When a new shiny piece of software starts gaining traction in the media, it can be hard to figure out whether you should investigate it or not, whether you should use it in your company.
Kubernetes for container orchestration, OpenFaas for serverless infrastructure… If you listen to the numerous blog articles out there, and then look at your infrastructure, you start wondering whether you’re an old dinosaur who needs to get up to speed with the latest tech.

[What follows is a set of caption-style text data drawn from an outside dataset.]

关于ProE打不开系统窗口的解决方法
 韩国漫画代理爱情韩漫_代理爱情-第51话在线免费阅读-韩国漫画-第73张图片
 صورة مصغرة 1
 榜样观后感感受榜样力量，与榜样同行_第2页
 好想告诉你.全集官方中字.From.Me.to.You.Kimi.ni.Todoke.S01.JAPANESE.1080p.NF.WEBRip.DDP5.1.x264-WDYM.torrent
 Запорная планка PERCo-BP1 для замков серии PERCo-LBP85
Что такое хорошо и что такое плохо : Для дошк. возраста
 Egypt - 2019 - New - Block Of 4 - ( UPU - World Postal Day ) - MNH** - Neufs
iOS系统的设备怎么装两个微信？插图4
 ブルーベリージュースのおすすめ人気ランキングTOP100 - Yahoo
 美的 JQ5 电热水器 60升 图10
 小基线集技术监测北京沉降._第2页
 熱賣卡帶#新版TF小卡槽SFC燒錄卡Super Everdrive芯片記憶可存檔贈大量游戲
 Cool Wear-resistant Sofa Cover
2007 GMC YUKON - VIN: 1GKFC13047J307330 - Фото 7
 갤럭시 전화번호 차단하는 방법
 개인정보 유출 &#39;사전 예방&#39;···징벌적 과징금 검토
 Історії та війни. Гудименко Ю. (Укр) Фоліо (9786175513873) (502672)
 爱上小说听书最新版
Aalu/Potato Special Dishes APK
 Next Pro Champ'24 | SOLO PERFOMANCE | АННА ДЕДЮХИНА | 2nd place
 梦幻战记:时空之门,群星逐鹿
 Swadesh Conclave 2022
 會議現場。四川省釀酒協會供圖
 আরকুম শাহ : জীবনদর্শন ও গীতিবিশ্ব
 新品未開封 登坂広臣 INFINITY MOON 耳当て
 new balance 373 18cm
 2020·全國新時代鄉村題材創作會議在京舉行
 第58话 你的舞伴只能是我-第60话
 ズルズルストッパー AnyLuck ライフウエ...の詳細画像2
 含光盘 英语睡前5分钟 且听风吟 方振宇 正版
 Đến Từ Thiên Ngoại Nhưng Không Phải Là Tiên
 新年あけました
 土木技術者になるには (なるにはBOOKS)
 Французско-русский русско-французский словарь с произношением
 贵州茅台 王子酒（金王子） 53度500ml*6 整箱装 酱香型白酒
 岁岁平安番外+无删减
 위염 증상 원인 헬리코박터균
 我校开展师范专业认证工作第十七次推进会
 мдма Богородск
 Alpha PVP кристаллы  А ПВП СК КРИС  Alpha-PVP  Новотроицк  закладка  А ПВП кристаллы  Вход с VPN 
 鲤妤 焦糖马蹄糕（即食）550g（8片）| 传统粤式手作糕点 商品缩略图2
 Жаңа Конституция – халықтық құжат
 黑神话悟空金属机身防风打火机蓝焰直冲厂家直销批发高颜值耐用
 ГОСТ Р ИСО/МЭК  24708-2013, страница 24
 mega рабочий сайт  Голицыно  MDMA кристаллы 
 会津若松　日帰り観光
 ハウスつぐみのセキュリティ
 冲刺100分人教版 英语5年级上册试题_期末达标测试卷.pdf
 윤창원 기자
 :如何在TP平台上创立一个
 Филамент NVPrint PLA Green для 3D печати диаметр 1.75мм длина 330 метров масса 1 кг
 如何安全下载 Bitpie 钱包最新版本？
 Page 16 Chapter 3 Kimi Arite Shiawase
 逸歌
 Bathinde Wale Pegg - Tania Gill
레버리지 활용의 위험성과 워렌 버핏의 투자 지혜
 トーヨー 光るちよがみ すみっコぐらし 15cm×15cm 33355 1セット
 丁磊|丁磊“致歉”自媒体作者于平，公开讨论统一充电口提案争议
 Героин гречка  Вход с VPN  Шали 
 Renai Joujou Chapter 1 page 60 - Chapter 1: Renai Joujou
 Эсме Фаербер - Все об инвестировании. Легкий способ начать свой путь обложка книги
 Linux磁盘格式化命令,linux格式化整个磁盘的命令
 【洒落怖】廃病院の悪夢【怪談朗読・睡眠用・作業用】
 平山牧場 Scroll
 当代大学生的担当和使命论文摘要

Over the years, I created and worked at a few startups: cloud rendering for 3D/VFX studios, 3D visualization and tracking of satellites, cloud computing for numerical simulations in aerospace industry, automated satellite imagery analysis with deep learning… So far, if I had to sum up my experience in 1 key take-away, it would be: listen to the people on the field, not the media.
How many CTOs* actually use this technology? What do they have to say about it?
Get some feedback from the people whose *ss is actually on the line, and who is woken up at night when their company software infrastructure goes south.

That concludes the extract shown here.